Question

${{5}}{{.1g}}$ of ${{N}}{{{H}}_4}{{SH}}$ is introduced in $3.0{{L}}$ evacuated flask at ${{32}}{{{7}}^ \circ }{{C}}$. $30\%$ of the solid ${{N}}{{{H}}_4}{{SH}}$ is decomposed to ${{N}}{{{H}}_3}$ and ${{{H}}_2}{{S}}$ as gases.
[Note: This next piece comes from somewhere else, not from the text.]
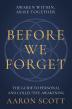 Aaron Scott’s Before We Forget Reaches Amazon Bestseller Status, Calling Readers to a Global Awakening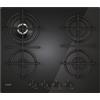 CANDY CVG6BR4WTB PIANO COTTURA DA INCASSO 60CM 4 FUOCHI A GAS GRIGLIE IN GHISA IN VETRO NERO - PROMO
The ${{{K}}_{{p}}}$ of the reaction at ${{32}}{{{7}}^ \circ }{{C}}$ is:
(${{R = 0}}{{.082atm}}{{.mo}}{{{l}}^{ - 1}}.{{{K}}^{ - 1}},$ molar mass of ${{S = 32g}}{{.mo}}{{{l}}^{ - 1}},$ molar mass of ${{N = 14g}}{{.mo}}{{{l}}^{ - 1}}$ ).
A. $0.242 \times {10^{ - 4}}{{at}}{{{m}}^2}$
B. $0.242{{at}}{{{m}}^2}$
C. $4.9 \times {10^{ - 3}}{{at}}{{{m}}^2}$
D. $1 \times {10^{ - 4}}{{at}}{{{m}}^2}$

Answer 1

The forward and reverse reactions proceed at the same rate at equilibrium. Also, when equilibrium is achieved, both the reactants and products remain constant. Equilibrium constant expression is applicable only when the reactant concentrations and product concentrations are constant at equilibrium.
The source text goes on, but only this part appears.